50円ビール
アテネの次はどこかエーゲ海の島にしようと思っていた。さて、どこにしようかとぱらぱらと「歩き方」をめくっていて、ティノス島を選んだ。「まだ日本人はほとんど訪れていない」という説明が気にいったからだ。しかも、地図すらも付いていない。ページの上半分で説明をざっと、そして下半分には海の写真が。これだけがティノス島についての全てだった。
早朝6時。暑く寝苦しいユースホステルを後にして、昨日、ツーリストインフォメーションで知り合った川原さんの泊まるホテルへ向かう。
ティノスへ向かう船のことを教えてもらおうと出向いたインフォメーションで彼が話しかけてきた。坊主とスポーツ刈りの中間くらいのさっぱりとした頭で、にこやかに大阪弁を操った。勤めていた花屋を辞めて旅行に出てきたのだそうだ。これからアテネの近郊のビーチに行くつもりだが、一人で行ってもおもしろいものではあるまいから一緒にどうだろうと誘ってくれた。
僕は午前中に国立考古学博物館を見てしまい(それもまったく興味をそそられなかった)、何をして時間をつぶそうかと悩んでいたところだったので、二つ返事で応じた。

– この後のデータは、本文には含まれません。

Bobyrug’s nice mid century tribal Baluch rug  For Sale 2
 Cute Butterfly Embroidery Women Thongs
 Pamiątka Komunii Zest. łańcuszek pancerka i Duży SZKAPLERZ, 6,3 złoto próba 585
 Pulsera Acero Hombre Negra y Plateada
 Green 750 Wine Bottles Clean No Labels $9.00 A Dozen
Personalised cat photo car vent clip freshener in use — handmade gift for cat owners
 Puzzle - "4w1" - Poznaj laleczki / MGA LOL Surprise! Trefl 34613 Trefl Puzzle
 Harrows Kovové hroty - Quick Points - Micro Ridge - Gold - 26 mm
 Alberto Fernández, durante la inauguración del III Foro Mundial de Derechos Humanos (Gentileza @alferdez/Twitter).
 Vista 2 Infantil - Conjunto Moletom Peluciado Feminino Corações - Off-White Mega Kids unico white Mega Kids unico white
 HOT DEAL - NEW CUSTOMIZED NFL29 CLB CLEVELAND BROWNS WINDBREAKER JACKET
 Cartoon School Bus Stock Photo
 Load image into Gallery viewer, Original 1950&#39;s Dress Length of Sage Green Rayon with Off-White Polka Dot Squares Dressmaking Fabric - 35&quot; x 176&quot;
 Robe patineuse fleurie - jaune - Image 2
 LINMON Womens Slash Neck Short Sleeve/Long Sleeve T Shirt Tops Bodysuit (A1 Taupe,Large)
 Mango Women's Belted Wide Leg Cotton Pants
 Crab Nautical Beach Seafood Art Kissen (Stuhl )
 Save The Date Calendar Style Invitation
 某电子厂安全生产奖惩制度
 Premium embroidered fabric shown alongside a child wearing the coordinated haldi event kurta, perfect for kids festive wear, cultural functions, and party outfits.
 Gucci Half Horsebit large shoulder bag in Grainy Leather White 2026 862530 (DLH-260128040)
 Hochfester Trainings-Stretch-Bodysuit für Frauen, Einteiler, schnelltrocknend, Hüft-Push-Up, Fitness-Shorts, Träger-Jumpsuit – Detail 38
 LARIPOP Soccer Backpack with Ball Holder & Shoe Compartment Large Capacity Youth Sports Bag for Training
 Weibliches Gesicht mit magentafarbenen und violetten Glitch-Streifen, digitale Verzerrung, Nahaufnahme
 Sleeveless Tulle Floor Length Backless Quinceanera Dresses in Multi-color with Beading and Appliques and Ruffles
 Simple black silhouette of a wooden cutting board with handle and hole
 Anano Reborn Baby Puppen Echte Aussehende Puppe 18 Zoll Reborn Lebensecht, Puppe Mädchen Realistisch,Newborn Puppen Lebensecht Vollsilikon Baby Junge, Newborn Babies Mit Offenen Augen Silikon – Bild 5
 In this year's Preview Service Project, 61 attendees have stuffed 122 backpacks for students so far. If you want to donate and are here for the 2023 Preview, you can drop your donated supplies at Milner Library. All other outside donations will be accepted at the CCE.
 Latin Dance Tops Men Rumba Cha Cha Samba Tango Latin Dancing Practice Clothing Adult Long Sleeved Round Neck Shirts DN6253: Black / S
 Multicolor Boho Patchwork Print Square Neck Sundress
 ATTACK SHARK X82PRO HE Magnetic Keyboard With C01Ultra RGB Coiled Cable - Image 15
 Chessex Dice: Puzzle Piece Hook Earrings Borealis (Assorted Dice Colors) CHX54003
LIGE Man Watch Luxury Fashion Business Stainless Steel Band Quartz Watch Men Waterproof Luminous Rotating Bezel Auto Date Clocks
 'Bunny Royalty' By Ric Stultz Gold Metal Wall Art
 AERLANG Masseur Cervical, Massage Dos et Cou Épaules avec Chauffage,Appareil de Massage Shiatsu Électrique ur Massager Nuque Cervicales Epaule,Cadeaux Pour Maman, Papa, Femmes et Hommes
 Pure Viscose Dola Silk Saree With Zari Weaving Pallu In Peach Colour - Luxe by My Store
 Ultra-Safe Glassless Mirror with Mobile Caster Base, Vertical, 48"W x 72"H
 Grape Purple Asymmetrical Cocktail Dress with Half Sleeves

彼自身にもさして予定があったわけではなく、意気投合した我々はともにアテネを離れ、エーゲ海へ向かうことになったのだ。
アテネはそれほど魅力的でもないという意見で一致し、さらに互いにまだ見ぬエーゲ海に大いなる期待を寄せていた。
ピレウスの港には数多くの船が停泊しているが、僕らが乗り込むのは、期待を否が応でも盛り上げそうな「アフロディーテ」という名だった。
下船する人々を待つのは、宿の呼び込みの群である。それぞれに部屋の写真やパンフレットなどを見せてくる。ところがどれを見てもギリシア語で書かれていて、これではさっぱり分からない。ギリシア文字は僕に苦手だった物理を思い出させるから、少々とっつきにくいところがある。
とりあえず選んだのは、唯一英語で「貸部屋あります」と書かれていたGIANNIS(発音は確かめていない)という一軒。そう、これはホテルではなく、自分の家の一部を客に貸すといういわば民宿だった。よほどここに日本人はやって来ないらしい。客引きにきていた大柄なおばさんに「イタリアーノ?」と尋ねられるほどに。
着いた場所から5分もせずに到着。途中にはスーパーマーケットもあり、とても便利な位置。さらに5分歩くとビーチにも行けると言う。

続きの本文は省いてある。